O que se quer é que v.exa. seja isento, conduta própria dos homens públicos. Os sem-terra deram as costas para a Comissão Conciliadora, composta do Ministério Público, Governo do Estado, Incra, Sem-terra e produtores rurais, porque preferem as invasões às marchas e à violência. Não querem terra. Estão em busca de conquistas políticas e ideológicas. Receberam ingresso para o jogo do ‘Tubarão’, ônibus para o deslocamento, remédios, etc., enquando produtores rurais são onerados com notificações de cobrança de tributos. O tratamento é injusto e desigual. Queremos apenas a isenção imposta aos homens públicos e nada mais.
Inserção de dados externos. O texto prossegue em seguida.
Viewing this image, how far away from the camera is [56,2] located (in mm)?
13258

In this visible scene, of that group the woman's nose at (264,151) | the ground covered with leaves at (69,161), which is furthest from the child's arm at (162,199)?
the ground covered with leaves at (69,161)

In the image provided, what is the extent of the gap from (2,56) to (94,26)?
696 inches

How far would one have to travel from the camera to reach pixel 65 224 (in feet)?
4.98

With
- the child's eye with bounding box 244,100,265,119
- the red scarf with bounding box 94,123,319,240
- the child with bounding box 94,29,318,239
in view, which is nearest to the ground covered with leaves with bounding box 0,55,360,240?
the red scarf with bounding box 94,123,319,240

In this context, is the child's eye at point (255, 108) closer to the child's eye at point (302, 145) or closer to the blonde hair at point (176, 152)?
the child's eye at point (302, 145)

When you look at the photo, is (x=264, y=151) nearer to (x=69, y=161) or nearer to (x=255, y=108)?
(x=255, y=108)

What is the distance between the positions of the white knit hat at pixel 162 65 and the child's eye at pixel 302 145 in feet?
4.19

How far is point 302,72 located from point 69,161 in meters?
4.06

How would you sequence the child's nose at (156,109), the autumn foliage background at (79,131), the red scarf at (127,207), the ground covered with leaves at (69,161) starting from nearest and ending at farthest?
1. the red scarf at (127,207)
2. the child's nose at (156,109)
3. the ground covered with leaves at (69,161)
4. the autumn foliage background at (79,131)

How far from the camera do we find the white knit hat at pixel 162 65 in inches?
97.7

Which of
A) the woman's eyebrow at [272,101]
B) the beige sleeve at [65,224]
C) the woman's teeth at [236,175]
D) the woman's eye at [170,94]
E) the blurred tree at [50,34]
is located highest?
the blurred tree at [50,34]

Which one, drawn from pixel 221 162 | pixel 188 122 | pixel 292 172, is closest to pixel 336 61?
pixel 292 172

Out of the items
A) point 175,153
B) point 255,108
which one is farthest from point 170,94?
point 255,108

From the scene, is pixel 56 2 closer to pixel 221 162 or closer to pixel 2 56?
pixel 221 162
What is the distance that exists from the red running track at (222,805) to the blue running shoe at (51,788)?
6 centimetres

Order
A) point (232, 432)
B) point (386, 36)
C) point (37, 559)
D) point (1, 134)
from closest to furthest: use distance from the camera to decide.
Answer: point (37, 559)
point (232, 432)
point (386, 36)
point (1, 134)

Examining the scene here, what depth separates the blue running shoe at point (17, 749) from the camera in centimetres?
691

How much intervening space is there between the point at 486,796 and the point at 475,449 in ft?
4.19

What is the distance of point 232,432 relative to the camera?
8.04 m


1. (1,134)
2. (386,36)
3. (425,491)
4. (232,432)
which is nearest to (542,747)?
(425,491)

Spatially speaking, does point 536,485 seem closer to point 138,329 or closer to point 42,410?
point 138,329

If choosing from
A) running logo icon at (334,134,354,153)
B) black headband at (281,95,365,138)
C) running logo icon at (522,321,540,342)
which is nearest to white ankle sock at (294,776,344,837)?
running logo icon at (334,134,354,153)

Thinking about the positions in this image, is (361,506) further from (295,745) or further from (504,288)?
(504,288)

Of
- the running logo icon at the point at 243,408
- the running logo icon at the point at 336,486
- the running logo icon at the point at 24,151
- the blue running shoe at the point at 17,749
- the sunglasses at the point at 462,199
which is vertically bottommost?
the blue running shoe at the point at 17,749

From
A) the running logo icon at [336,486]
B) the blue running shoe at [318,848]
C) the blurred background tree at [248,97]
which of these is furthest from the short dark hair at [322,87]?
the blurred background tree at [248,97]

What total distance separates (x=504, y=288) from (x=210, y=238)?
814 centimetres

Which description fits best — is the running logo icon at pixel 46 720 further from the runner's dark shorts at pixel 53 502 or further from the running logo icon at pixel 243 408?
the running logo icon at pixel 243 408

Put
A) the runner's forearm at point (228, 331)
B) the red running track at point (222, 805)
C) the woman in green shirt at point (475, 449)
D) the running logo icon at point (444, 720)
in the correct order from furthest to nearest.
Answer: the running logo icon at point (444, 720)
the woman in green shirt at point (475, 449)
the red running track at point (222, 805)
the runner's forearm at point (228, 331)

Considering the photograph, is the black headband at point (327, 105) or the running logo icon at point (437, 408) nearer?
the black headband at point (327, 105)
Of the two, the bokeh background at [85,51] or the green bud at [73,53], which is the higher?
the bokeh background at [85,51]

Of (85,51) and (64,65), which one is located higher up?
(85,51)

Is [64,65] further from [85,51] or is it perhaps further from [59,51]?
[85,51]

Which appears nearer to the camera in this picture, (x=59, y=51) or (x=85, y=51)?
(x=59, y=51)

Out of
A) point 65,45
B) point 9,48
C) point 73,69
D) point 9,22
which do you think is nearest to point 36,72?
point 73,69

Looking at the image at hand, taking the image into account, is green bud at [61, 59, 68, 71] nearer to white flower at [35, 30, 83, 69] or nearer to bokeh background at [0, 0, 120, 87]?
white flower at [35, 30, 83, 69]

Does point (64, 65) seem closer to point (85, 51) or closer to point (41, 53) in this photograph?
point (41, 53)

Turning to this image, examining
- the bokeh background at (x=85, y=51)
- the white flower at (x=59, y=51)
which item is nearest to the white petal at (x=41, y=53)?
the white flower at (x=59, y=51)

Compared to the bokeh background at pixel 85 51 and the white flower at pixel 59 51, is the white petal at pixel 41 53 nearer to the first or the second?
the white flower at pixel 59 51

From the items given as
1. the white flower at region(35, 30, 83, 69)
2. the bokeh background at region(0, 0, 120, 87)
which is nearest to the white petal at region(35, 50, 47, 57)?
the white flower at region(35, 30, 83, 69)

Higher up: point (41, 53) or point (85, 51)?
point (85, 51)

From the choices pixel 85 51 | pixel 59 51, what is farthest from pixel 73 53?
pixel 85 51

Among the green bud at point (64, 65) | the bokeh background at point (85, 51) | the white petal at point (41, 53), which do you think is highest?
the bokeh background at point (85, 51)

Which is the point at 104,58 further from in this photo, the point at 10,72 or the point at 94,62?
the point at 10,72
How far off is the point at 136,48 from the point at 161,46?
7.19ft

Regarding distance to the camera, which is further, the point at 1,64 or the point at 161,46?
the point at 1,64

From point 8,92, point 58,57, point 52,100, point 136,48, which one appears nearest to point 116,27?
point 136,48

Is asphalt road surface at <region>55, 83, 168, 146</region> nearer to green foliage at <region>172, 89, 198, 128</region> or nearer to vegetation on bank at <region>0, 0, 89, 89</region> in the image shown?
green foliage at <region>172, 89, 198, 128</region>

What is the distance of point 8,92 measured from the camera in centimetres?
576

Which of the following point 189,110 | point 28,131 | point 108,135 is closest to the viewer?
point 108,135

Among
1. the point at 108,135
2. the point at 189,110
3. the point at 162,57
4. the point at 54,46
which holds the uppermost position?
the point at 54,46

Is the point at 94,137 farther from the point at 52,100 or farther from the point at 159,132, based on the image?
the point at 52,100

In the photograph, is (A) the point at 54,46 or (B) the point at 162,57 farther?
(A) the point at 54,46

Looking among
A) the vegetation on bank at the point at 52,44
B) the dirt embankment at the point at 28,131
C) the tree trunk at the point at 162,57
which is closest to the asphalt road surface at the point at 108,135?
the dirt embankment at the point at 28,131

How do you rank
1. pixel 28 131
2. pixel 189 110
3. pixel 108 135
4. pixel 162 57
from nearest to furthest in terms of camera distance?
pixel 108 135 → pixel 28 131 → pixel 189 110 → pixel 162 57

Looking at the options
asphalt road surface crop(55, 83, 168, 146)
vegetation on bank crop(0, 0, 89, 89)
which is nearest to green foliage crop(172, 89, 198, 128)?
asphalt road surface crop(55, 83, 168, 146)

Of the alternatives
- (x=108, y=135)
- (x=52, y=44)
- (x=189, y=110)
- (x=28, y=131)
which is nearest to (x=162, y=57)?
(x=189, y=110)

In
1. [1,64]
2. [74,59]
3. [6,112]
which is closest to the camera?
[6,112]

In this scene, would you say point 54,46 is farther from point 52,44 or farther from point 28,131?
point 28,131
- SOCIEDADE RURAL DO PARANÁ, Luiz Roberto Neme, presidente; e Octávio Cesário Pereira Junior, presidente do Conselho Administrativo, Londrina
O prefeito Antonio Belinati responde:
Há alguns meses a Sociedade Rural do Paraná, sob a liderança do seu então presidente Manoel Campinha Garcia Cid, teve uma atitude inovadora e digna de elogio: levou agasalhos, alimentos e remédios para os sem-terra acampados em Tamarana. Posteriormente promoveu reunião no auditório da entidade, com a presença de lideranças dos sem-terra, Incra PR, prefeito de Londrina e diretores da Rural. Recentemente a marcha dos sem-terra passou por Londrina. Seus integrantes ficaram alojados no Palácio do Futsal e ganharam da SAL - Sociedade Amigos do Londrina (portanto, não da Prefeitura) ingressos para assistir ao jogo do Londrina contra o Náutico.
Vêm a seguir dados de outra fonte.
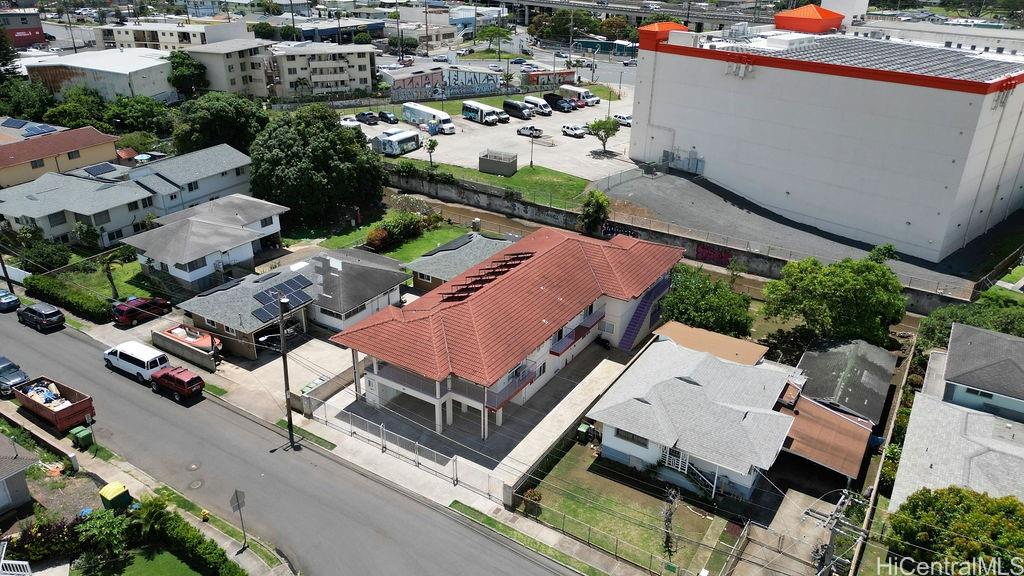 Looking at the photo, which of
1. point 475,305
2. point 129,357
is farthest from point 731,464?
point 129,357

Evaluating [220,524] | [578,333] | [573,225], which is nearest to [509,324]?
[578,333]

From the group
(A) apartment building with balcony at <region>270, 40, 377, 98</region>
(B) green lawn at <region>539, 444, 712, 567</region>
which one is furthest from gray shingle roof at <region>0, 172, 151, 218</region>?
(A) apartment building with balcony at <region>270, 40, 377, 98</region>

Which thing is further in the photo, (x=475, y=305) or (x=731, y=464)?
(x=475, y=305)

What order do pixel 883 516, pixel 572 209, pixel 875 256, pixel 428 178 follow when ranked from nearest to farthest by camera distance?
pixel 883 516, pixel 875 256, pixel 572 209, pixel 428 178

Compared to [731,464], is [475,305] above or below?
above

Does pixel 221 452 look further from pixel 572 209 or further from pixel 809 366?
pixel 572 209

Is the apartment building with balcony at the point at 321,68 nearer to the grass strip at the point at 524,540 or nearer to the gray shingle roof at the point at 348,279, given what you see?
the gray shingle roof at the point at 348,279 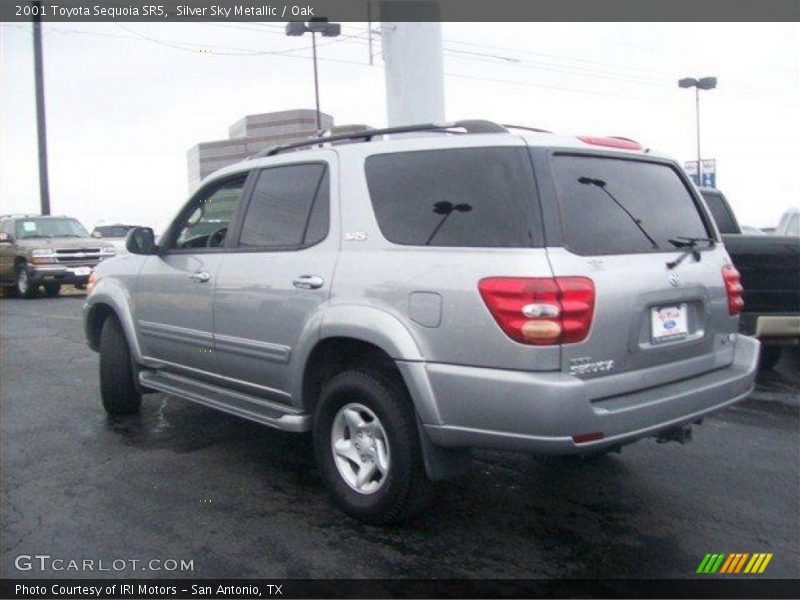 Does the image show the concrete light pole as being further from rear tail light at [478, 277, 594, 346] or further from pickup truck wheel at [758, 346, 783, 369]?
rear tail light at [478, 277, 594, 346]

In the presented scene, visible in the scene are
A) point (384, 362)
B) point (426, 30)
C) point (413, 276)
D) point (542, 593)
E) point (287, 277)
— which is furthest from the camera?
point (426, 30)

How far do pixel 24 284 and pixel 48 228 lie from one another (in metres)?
1.63

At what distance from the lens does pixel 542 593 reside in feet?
9.87

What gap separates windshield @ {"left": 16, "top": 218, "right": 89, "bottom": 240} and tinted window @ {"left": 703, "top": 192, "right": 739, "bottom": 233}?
1438 cm

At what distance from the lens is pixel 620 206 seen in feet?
11.7

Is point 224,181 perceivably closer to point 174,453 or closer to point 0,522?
point 174,453

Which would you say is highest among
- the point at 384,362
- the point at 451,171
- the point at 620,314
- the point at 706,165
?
the point at 706,165

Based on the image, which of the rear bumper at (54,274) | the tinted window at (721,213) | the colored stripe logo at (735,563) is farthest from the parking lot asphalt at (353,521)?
the rear bumper at (54,274)

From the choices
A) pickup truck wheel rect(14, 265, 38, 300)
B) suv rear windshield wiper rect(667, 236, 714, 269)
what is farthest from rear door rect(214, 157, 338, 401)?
pickup truck wheel rect(14, 265, 38, 300)

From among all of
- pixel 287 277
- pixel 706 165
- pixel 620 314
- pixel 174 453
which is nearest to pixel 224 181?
pixel 287 277

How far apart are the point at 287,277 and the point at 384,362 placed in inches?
30.4

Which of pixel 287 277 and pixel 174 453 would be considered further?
pixel 174 453

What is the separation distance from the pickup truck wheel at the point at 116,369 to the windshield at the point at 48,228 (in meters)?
13.0

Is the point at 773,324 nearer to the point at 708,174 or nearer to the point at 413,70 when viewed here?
the point at 413,70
Como homem público defendo a paz no campo, o direito e o respeito à propriedade, bem como pressa na realização da Reforma Agrária, amplamente prometida pelo presidente Fernando Henrique Cardoso. Tenho primado minha vida pública, de quase 30 anos, pelo respeito a todos os segmentos que têm contribuido para o desenvolvimento do País, mas também de firme combate aos exploradores das camadas mais pobres da população. E as portas do meu gabinete estarão sempre abertas para dialogar com todos os interessados na busca de soluções concretas que levem ao fim dos conflitos no campo. Aproveito o ensejo para expressar minha felicidade pessoal por ser prefeito em terceiro mandato de Londrina, município que não tem, até agora, uma única propriedade invadida. Talvez se eu estivesse tratando os sem-terra como desejam alguns poucos conterrâneos a estatística fosse diferente.
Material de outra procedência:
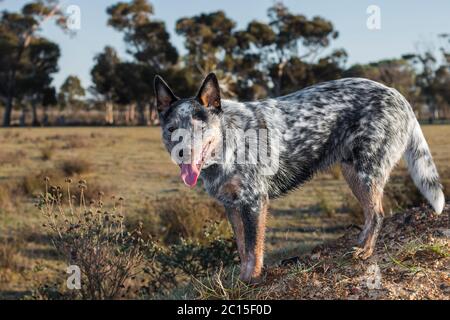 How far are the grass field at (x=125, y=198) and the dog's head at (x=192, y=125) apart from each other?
58.8 inches

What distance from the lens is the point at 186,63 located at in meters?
57.7

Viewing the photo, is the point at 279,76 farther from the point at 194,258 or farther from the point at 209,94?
the point at 209,94

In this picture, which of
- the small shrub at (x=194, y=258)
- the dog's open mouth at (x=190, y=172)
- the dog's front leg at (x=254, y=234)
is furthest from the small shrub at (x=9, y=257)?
the dog's open mouth at (x=190, y=172)

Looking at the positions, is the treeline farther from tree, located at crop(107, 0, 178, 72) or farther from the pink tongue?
the pink tongue

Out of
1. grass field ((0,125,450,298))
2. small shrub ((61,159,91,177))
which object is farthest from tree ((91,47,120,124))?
small shrub ((61,159,91,177))

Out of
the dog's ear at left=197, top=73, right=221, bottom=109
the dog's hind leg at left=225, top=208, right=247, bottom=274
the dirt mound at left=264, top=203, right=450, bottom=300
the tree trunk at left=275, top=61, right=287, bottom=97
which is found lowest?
the dirt mound at left=264, top=203, right=450, bottom=300

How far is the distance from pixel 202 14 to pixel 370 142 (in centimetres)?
5260

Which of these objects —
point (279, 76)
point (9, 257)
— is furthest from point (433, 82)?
point (9, 257)

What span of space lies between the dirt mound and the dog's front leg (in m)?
0.21

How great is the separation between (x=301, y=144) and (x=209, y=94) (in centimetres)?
106

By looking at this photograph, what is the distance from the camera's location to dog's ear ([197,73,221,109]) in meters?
4.56

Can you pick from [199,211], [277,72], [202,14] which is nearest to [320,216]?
[199,211]

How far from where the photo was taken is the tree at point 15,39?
6134 cm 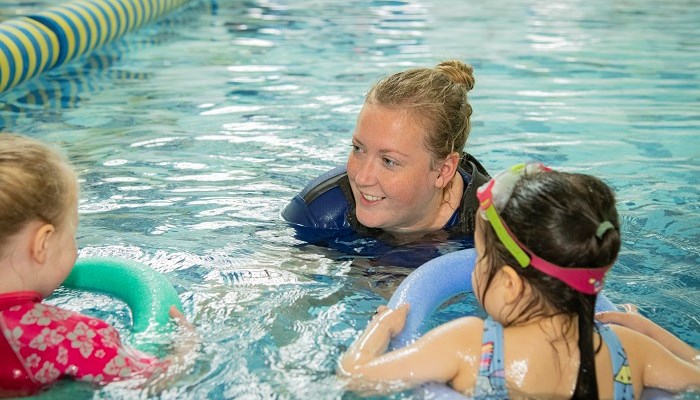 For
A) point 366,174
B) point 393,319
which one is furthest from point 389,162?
point 393,319

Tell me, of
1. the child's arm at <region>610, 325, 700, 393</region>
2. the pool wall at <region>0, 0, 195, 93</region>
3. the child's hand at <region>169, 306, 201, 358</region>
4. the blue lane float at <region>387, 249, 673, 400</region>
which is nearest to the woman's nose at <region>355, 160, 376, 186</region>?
the blue lane float at <region>387, 249, 673, 400</region>

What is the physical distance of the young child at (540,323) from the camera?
8.36ft

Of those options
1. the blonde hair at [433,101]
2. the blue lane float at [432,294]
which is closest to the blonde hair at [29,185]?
the blue lane float at [432,294]

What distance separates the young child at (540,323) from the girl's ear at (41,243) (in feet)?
3.39

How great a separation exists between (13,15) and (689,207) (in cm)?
927

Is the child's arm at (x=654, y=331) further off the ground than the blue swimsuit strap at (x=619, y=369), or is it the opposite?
the blue swimsuit strap at (x=619, y=369)

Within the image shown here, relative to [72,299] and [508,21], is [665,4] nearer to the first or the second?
[508,21]

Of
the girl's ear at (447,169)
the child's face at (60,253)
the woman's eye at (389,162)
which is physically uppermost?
the child's face at (60,253)

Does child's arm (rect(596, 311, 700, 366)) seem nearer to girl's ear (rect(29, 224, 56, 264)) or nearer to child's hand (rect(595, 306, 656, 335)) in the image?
child's hand (rect(595, 306, 656, 335))

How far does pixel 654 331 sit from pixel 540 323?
0.64m

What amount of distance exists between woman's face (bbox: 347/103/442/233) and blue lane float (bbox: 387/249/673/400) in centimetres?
50

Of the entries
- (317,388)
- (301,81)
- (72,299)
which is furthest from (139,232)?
(301,81)

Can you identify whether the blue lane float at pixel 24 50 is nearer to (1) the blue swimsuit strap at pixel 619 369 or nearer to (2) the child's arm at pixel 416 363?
(2) the child's arm at pixel 416 363

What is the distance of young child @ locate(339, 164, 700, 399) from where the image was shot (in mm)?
2547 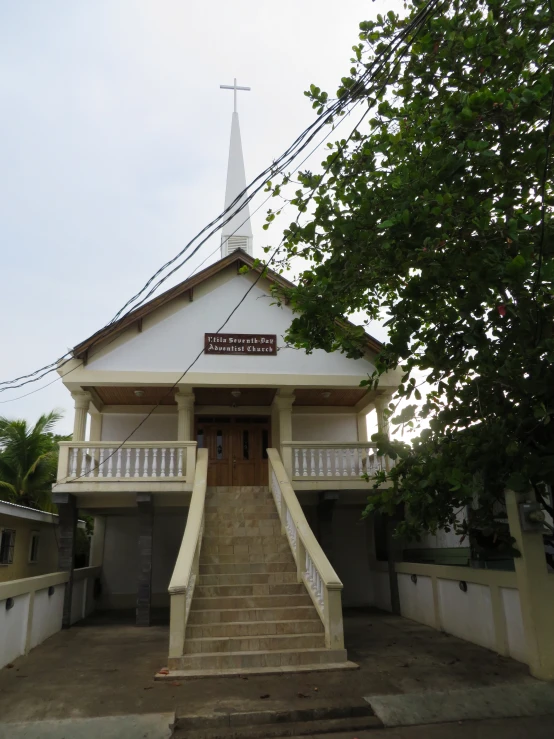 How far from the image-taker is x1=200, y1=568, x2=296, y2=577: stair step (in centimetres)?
948

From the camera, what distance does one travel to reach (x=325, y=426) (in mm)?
15320

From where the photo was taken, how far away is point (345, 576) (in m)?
14.4

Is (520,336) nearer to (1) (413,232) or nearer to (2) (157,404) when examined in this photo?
(1) (413,232)

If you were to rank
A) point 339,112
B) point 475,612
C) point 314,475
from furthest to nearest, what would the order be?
point 314,475, point 475,612, point 339,112

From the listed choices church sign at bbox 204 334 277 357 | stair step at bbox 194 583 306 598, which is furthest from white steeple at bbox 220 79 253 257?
stair step at bbox 194 583 306 598

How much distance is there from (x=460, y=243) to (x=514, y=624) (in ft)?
16.5

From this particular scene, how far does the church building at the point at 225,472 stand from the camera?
7997mm

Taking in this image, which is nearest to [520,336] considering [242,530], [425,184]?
[425,184]

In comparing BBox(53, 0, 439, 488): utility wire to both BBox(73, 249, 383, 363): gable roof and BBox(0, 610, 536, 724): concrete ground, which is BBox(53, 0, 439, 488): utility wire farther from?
BBox(0, 610, 536, 724): concrete ground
- ANTONIO BELINATI, prefeito municipal de Londrina
‘Tubarão’
Em resposta ao leitor Clovis Benatti, que se diz londrinense de nascimento e torcedor do Londrina Esporte Clube, tece elogios a Londrina mas está decepcionado com o time, discordo quando ele diz que o LEC foi feito naquela época apenas para disputar jogos com times do Norte. Cita, ainda, alguns nomes de equipes que nem existem mais, com as quais o LEC deveria jogar. Nosso time está no caminho certo.Aquele desastre que aconteceu terça-feira passada
deixou decepcionada a torcida, claro, pela não
classificação, mas não pelo empenho do time, como
há tempo não víamos: jogadores chorando por não ter atingido o almejado objetivo.
Parabenizo os dirigentes da SAL pela filosofia de trabalho que estão tentando implantar, fortalecendo as categorias de base e incutindo na cabeça dos jovens torcedores, para que seja dado o devido apoio ao LEC, e não fazer como alguns pseudo-torcedores que, quando vão aos jogos do Londrina, levam os filhos com uniforme do Corinthians, Santos, Palmeiras, etc. Até parece que se envergonham de ser londrinenses.
- JOSÉ PEREIRA DOS SANTOS, Londrina
Permuta de livros
É vergonhoso o que acontece em Londrina. Livros e bibliotecas são manchete nas páginas policiais dos jornais. O caso está na Promotoria Especial de Defesa do Patrimônio Público da Comarca de Londrina, nas mãos do promotor Bruno Galatti.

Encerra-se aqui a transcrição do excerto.